Top of Record excerpts

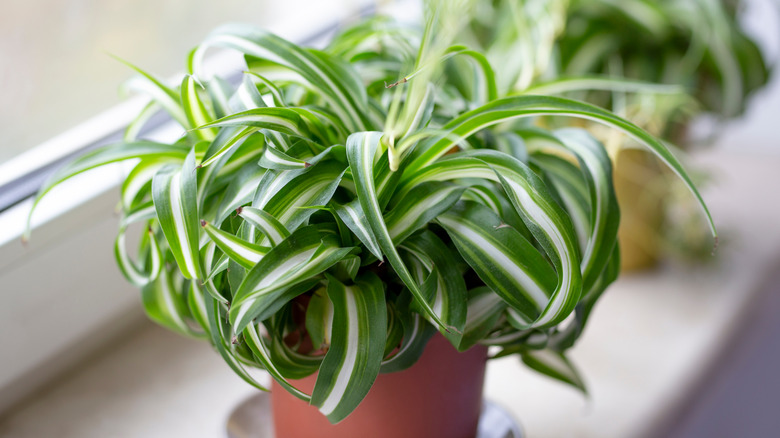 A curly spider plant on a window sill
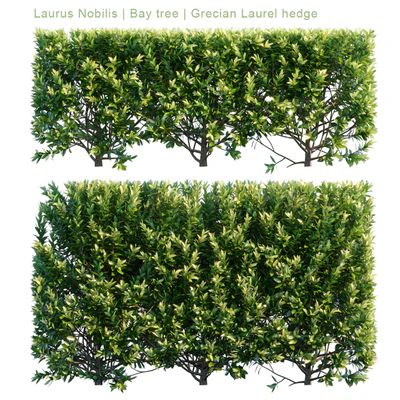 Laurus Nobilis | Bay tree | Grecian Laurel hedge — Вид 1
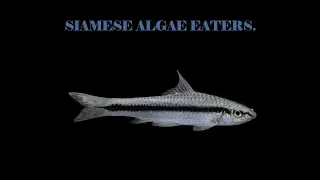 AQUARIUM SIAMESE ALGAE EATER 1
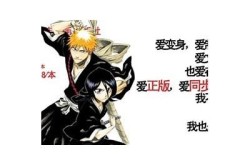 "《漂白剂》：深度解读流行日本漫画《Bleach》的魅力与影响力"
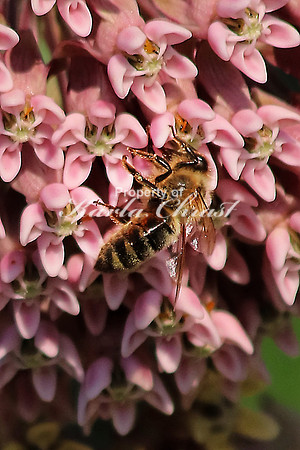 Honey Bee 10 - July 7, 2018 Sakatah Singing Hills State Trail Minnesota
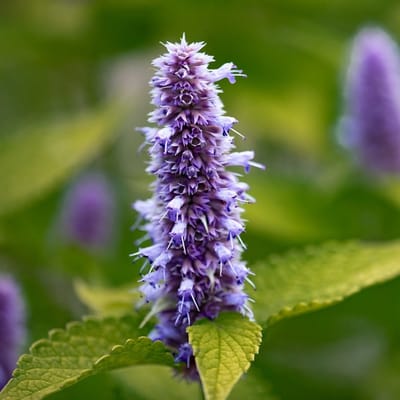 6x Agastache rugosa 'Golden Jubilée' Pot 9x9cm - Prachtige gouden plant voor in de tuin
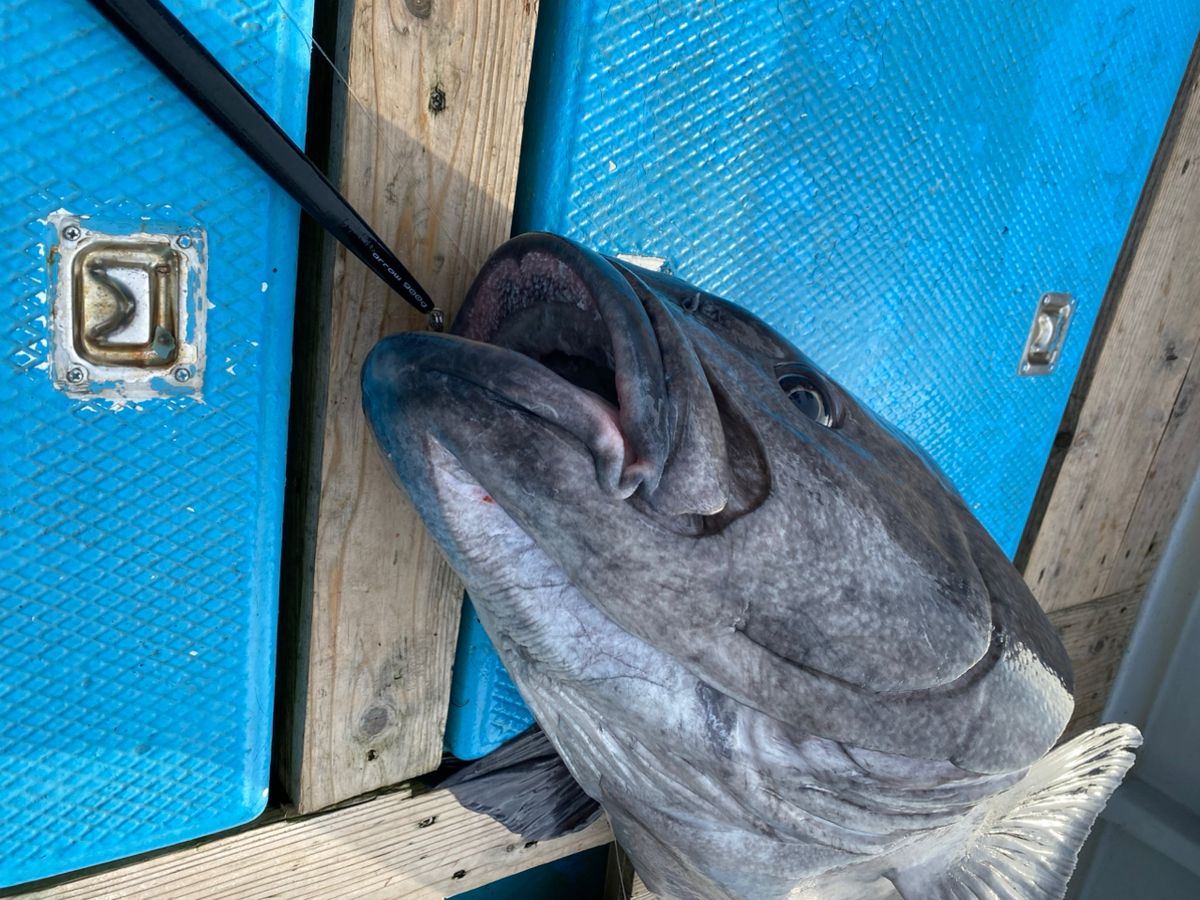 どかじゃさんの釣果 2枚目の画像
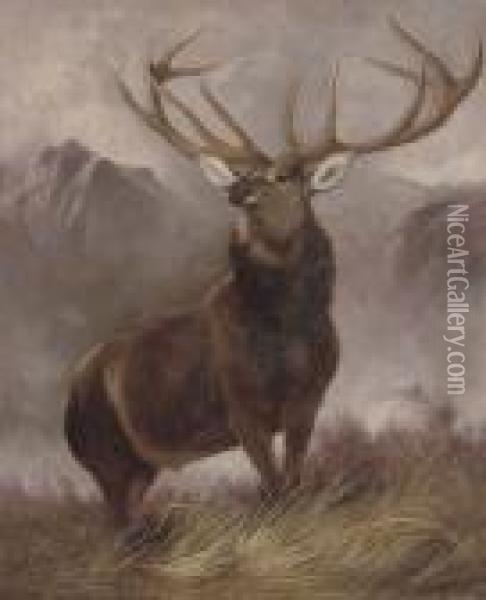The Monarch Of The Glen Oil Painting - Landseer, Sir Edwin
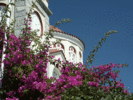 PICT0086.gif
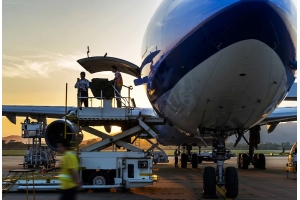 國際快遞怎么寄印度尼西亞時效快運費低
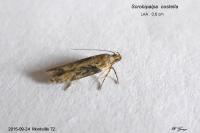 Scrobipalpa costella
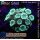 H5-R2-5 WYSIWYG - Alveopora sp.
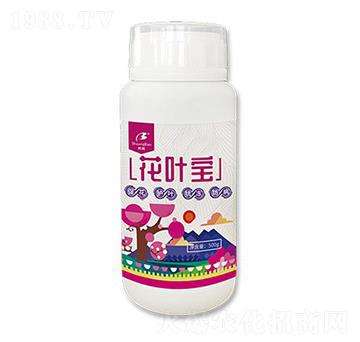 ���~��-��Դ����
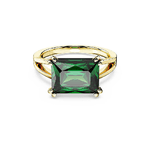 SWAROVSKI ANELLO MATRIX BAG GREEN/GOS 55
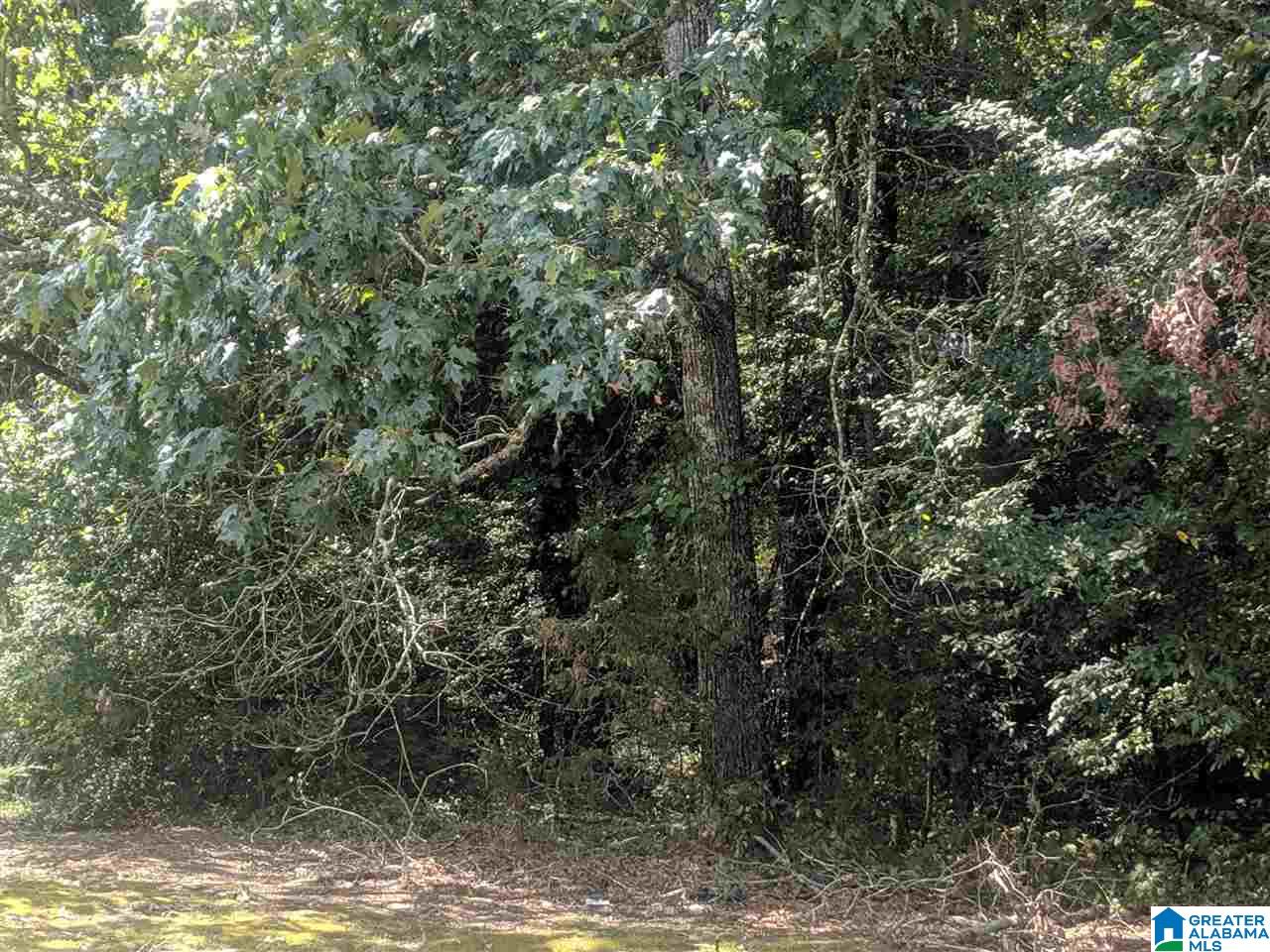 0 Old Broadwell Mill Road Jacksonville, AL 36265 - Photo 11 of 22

Bottom of Record excerpts

What you have to do: Write out the lines from the line with "Scrobipalpa costella" through the end of the records exactly; do not include pictures or any other lines.

Expected answer:
 Scrobipalpa costella
 H5-R2-5 WYSIWYG - Alveopora sp.
 ���~��-��Դ����
 SWAROVSKI ANELLO MATRIX BAG GREEN/GOS 55
 0 Old Broadwell Mill Road Jacksonville, AL 36265 - Photo 11 of 22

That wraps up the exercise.